Requirement: Return nothing but the lines from the one with "USA, Beautiful Clearwater" through the one with "Casio EFV-610D-3CVUEF Herrenuhr" in the data below, word for word and without pictures.

Extracted material:
★ ★ ★ ★ ★ ★ ★

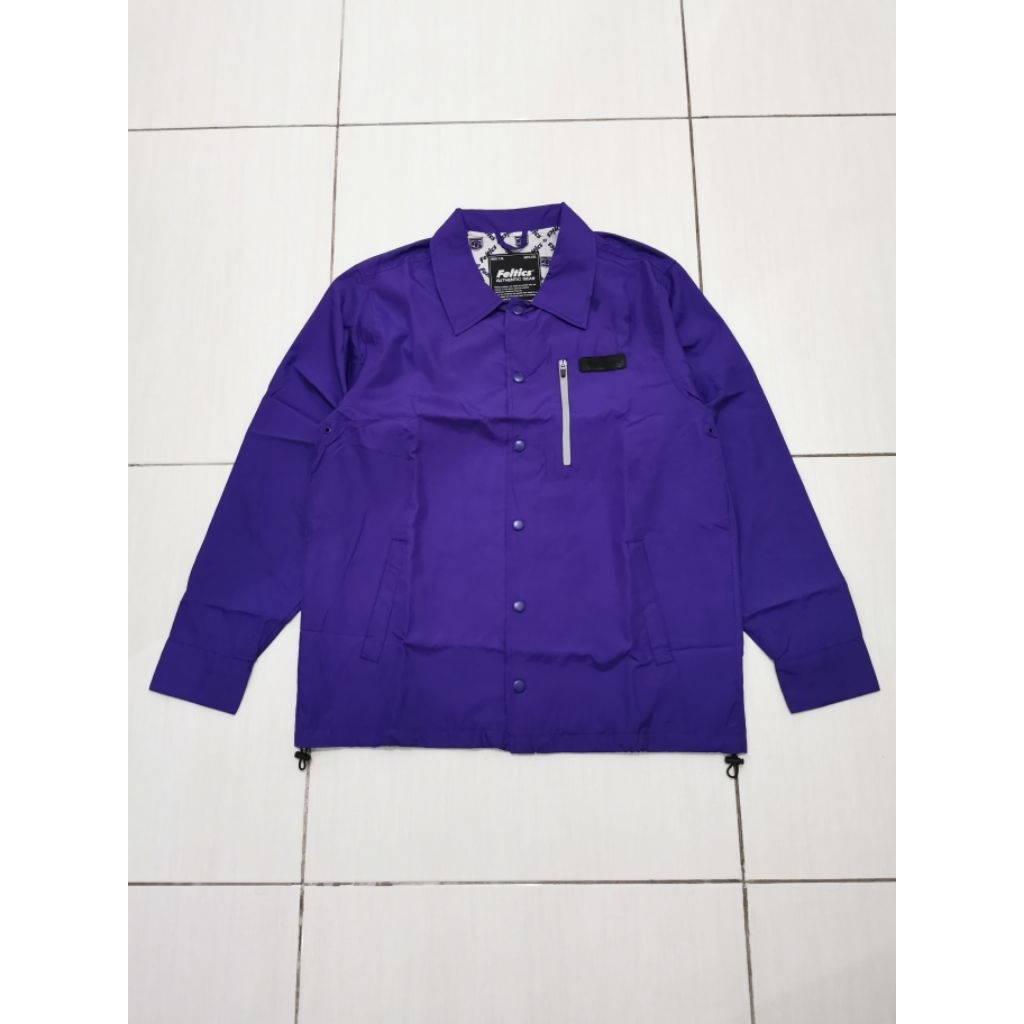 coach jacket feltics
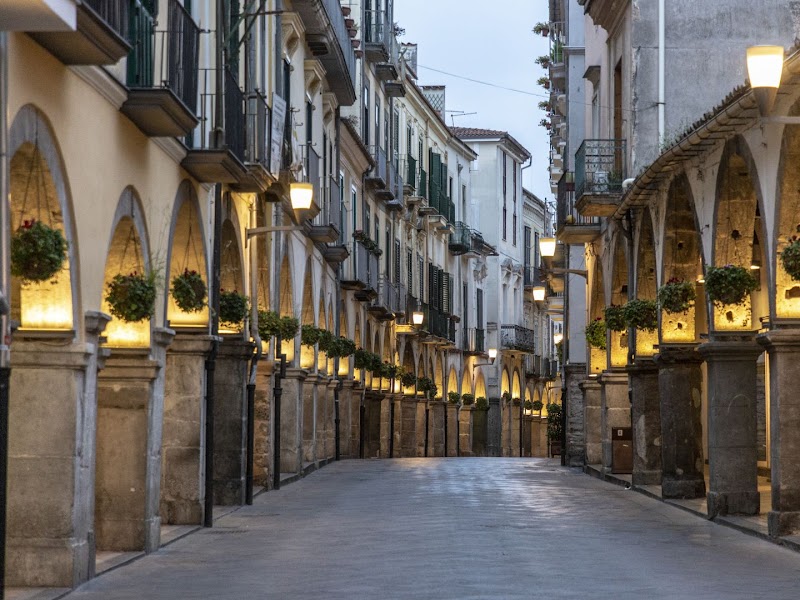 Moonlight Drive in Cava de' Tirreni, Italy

★ ★ ★ ★ ★ ★ ★

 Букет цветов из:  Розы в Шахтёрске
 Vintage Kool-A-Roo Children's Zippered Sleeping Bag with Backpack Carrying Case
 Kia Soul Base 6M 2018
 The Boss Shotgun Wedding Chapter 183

★ ★ ★ ★ ★ ★ ★

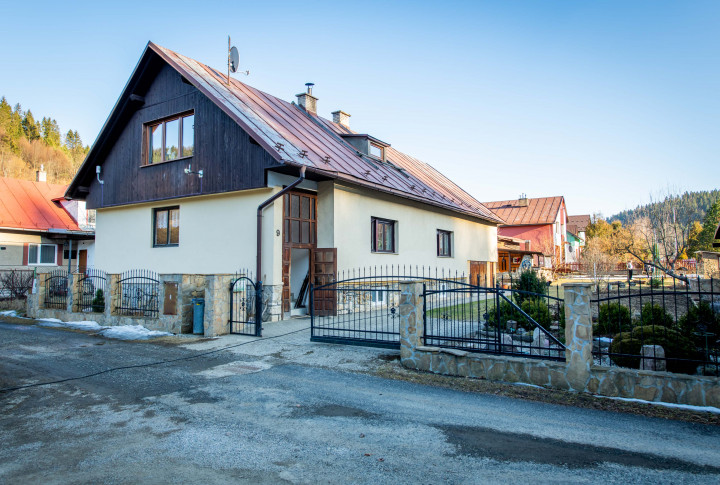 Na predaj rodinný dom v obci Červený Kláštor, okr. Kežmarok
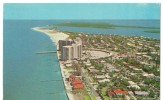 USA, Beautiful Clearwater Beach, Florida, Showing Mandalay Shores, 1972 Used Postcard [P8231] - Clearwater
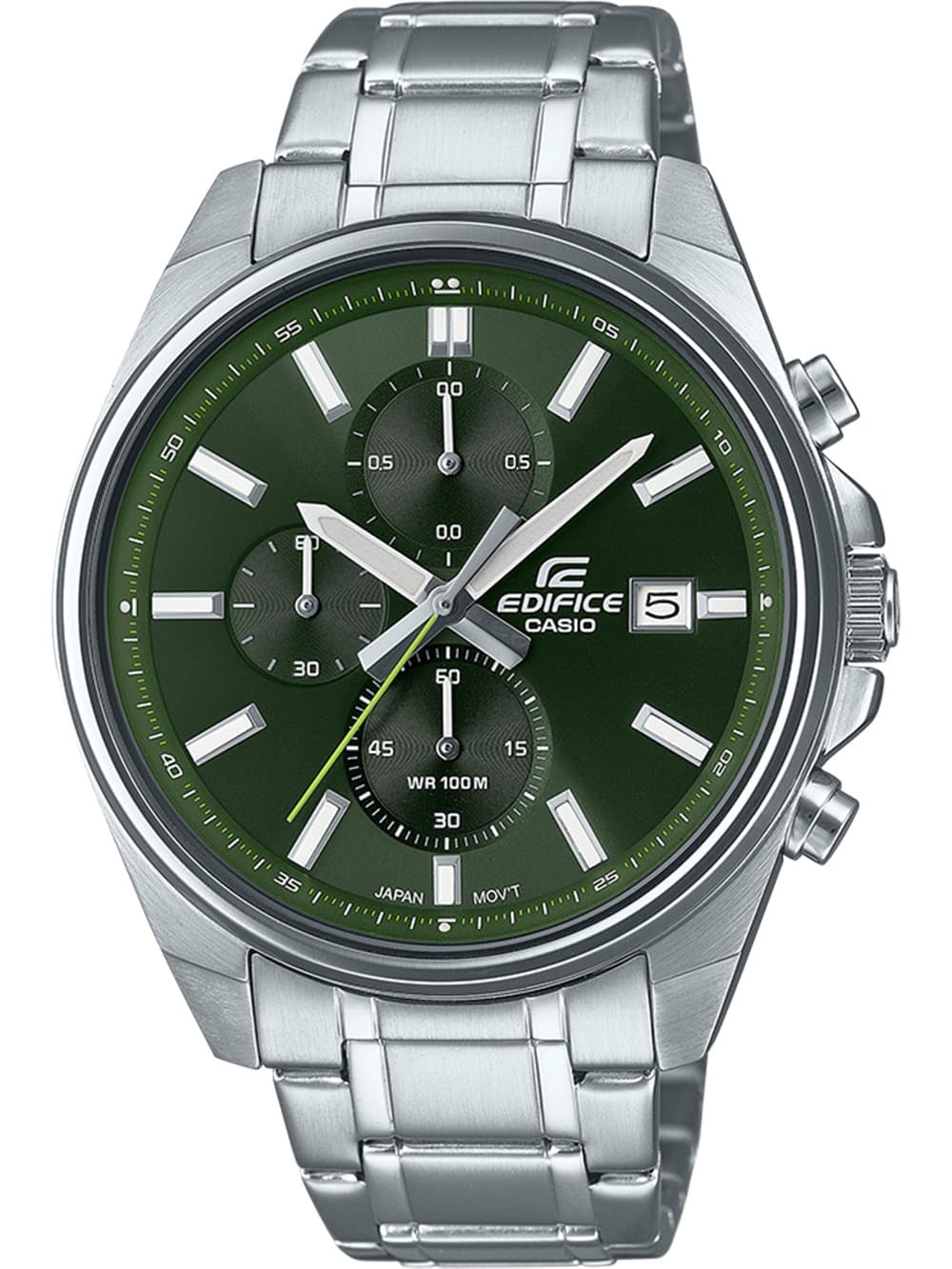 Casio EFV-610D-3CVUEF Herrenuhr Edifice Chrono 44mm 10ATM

★ ★ ★ ★ ★ ★ ★

Response:
 USA, Beautiful Clearwater Beach, Florida, Showing Mandalay Shores, 1972 Used Postcard [P8231] - Clearwater
 Casio EFV-610D-3CVUEF Herrenuhr Edifice Chrono 44mm 10ATM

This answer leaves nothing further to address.